Documentary cinematographer and director Kirsten Johnson ’87 is having herself a year. After her newest film, Cameraperson, debuted to an adoring audience at Sundance in January, April’s Full Frame Documentary Film Festival in Durham, North Carolina, showcased an extensive tribute to her distinguished twenty-five year career. Now the prestigious film distribution company Janus Films/Criterion has slated Cameraperson for theatrical release in September.Much of Johnson’s work chronicles the deep suffering of humanity worldwide. Cameraperson, which she directed, is a montage of scenes from her earlier work—films about Sudanese refugees and Bosnian war survivors, Nigerian maternity wards and midwestern thunderstorms—and personal footage of her family life, including her mother’s losing battle with Alzheimer’s. A raw format—gasps of delight, questions from behind the camera—lets her presence be known. The initial impression is jumpy and disconnected. But as the images progress, motifs emerge.
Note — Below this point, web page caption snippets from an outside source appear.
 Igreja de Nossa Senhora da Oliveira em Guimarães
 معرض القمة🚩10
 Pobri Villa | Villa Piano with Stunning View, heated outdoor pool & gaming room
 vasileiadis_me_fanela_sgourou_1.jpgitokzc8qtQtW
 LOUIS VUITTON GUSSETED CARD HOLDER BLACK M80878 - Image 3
As we take in the sensibilities and sensitivities of Johnson’s eye, the film becomes a visual memoir, a meditation on her life behind the lens.
“I think I was fragmented—I left my heart in many places,” Johnson says. “I didn’t acknowledge that it’s demanding something to take in that much, and I think this is a point of bringing it all back together.”
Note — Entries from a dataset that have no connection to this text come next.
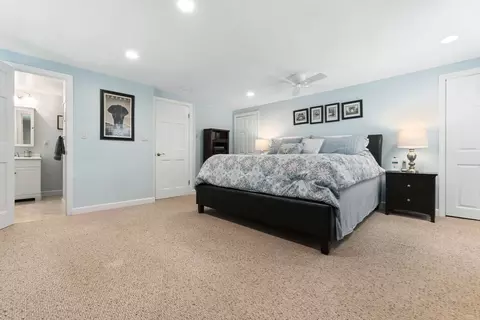 41 Ledgewood Dr, Danvers, MA 01923 photo 20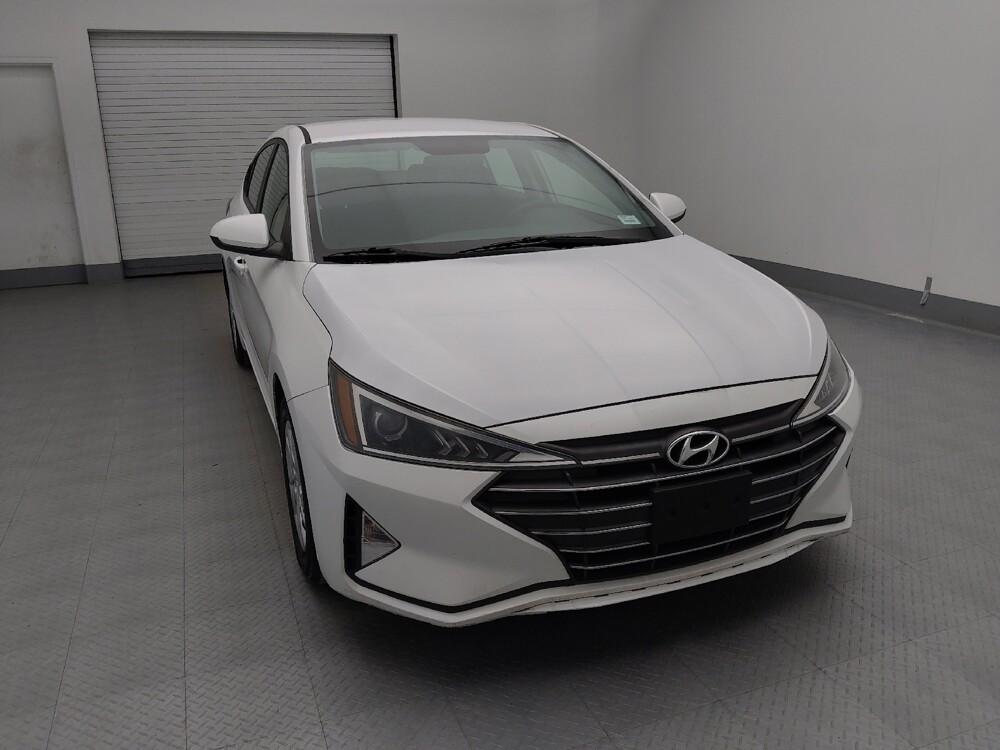 2019 Hyundai Elantra in Independence, MO 64055 - 18106176 14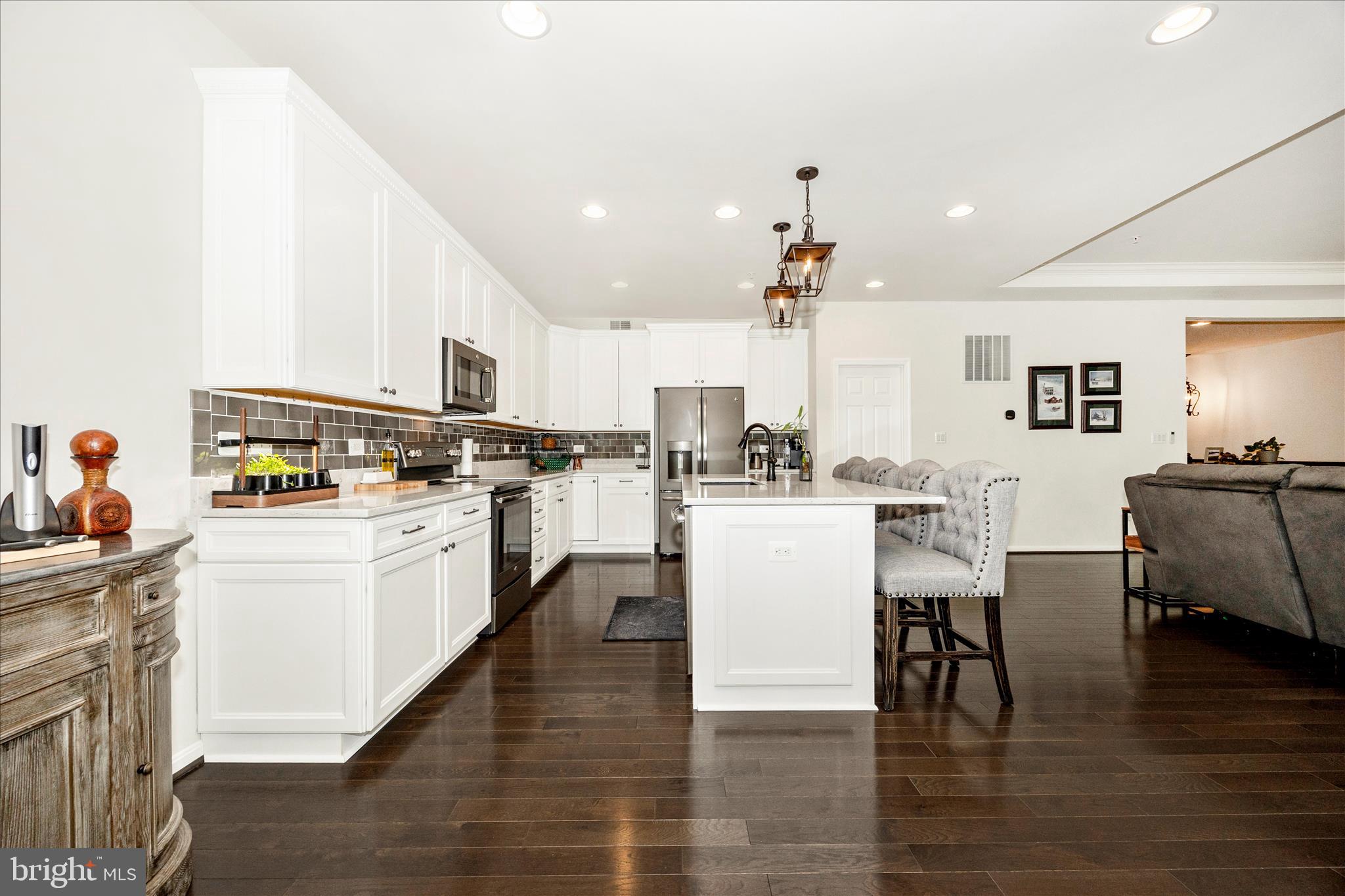 CLEARVIEW AT NEW MARKET - Residential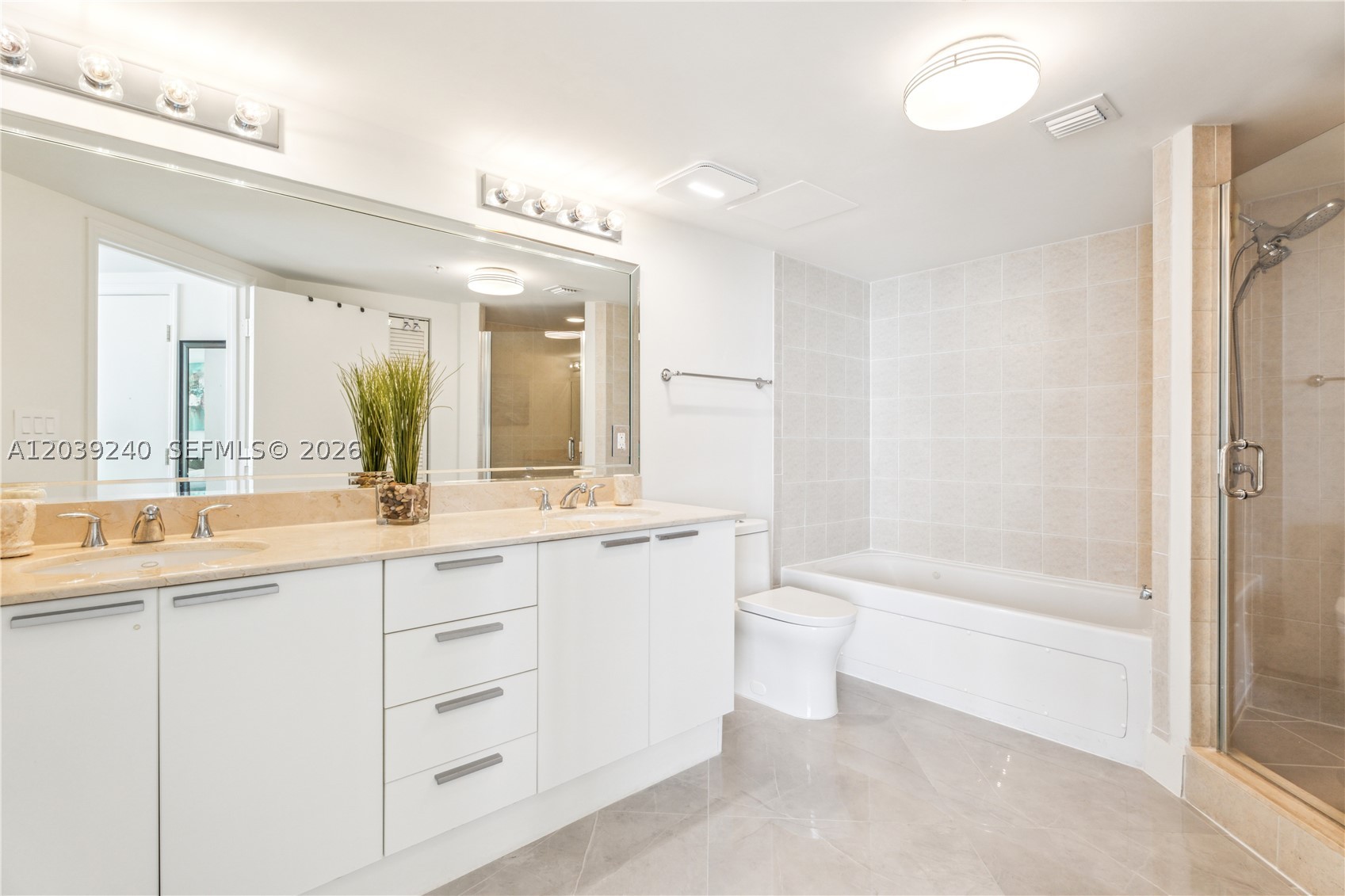 LA PERLA CONDO - Residential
Johnson’s work with acclaimed documentary filmmaker Laura Poitras is perhaps her best known: She shot The Oath, which follows the ex-bodyguard of Osama Bin Laden through Yemen during his brother-in-law’s trial in Guantanamo, and she worked with Poitras on Citizenfour, 2014’s Oscar-winning documentary about Edward Snowden and mass surveillance. Her tribute at Full Frame included a film on the French philosopher Jacques Derrida; Deadline, chronicling the commutation hearings of death-row inmates in Illinois by an outgoing governor; and a new short film, The Above, about a surveillance blimp watching Kabul, Afghanistan.
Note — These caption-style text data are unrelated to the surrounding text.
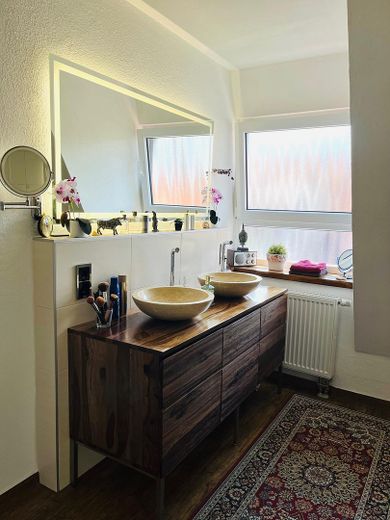 3-Zimmer-Maisonette mit Süd-West-Loggia & Blick über Nürnberg – Badezimmer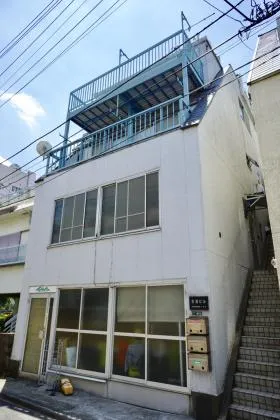 生沼ビルの外観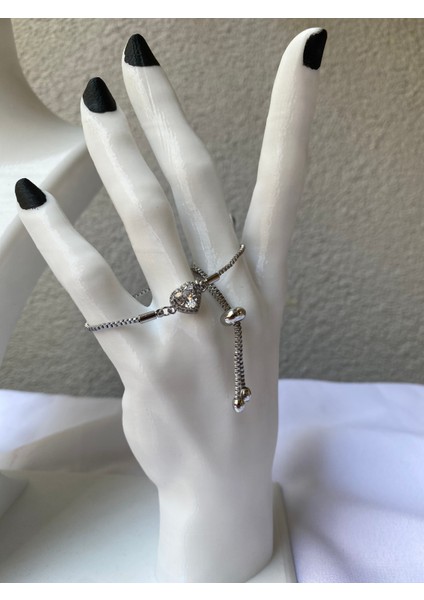 Beyaz Kalpli Asansörlü Gümüş Bileklik modelleri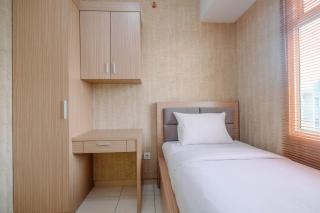 Comfortable and Lovely 2BR Apartment at Springlake Summarecon By Travelio - Bekasi - 7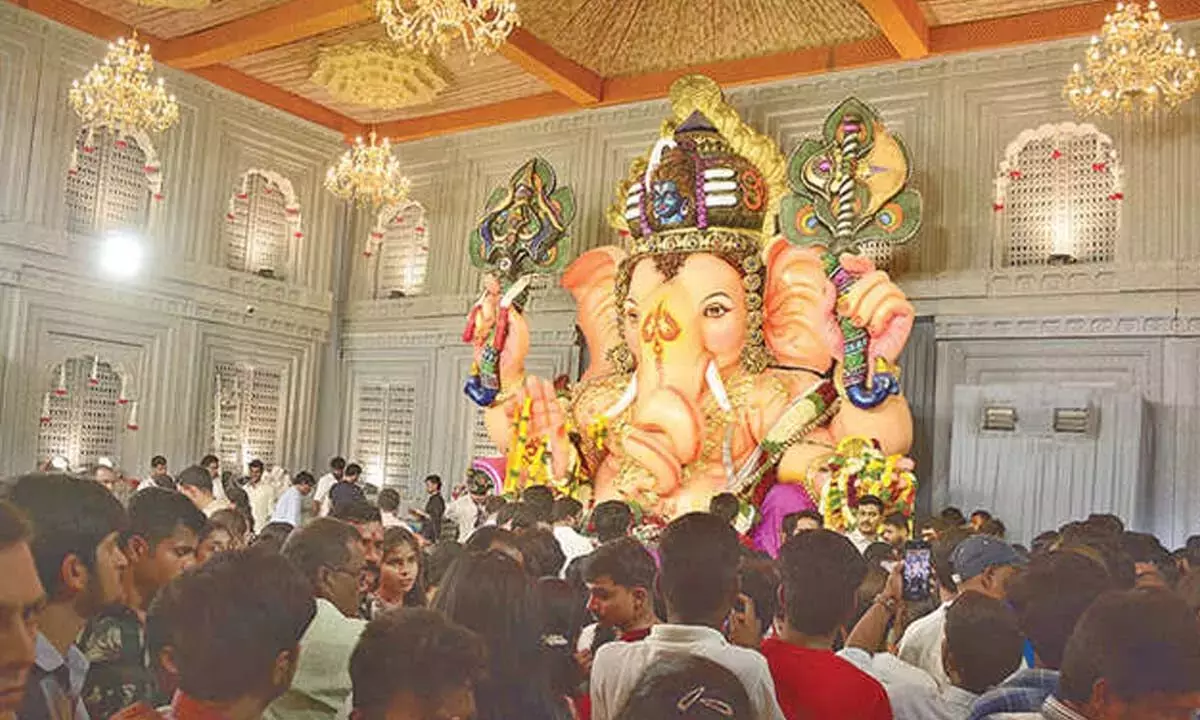 Telangana: बालापुर में उमड़ा श्रद्धालुओं का सैलाब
It’s not surprising to hear her credit her exposure to international relations at Brown with widening her horizons. Johnson grew up a Seventh Day Adventist in Wyoming before attending Brown and learning to appreciate how many ways there are to narrate the world. She studied with Africana Studies professor Anani Dzidzienyo, and was inspired to apply for a Watson fellowship focusing on filmmakers of the African Diaspora. When she didn’t get the fellowship, Johnson says, Dzidzienyo “really encouraged me to go to West Africa anyway.” She ended up in Senegal, where she supported herself by working on film crews. She left after two years to attend La Fémis, the French National Film School, as a cinematographer.
Revisiting her artistic history in Cameraperson was a traumatic experience for Johnson, so much so that she was forced more than once to step away from the project for a time to let it breathe. Ultimately, Cameraperson served as catharsis.
“I had this need to figure out what’s been happening to me all this time,” Johnson says, “to cope with this sense of loss.”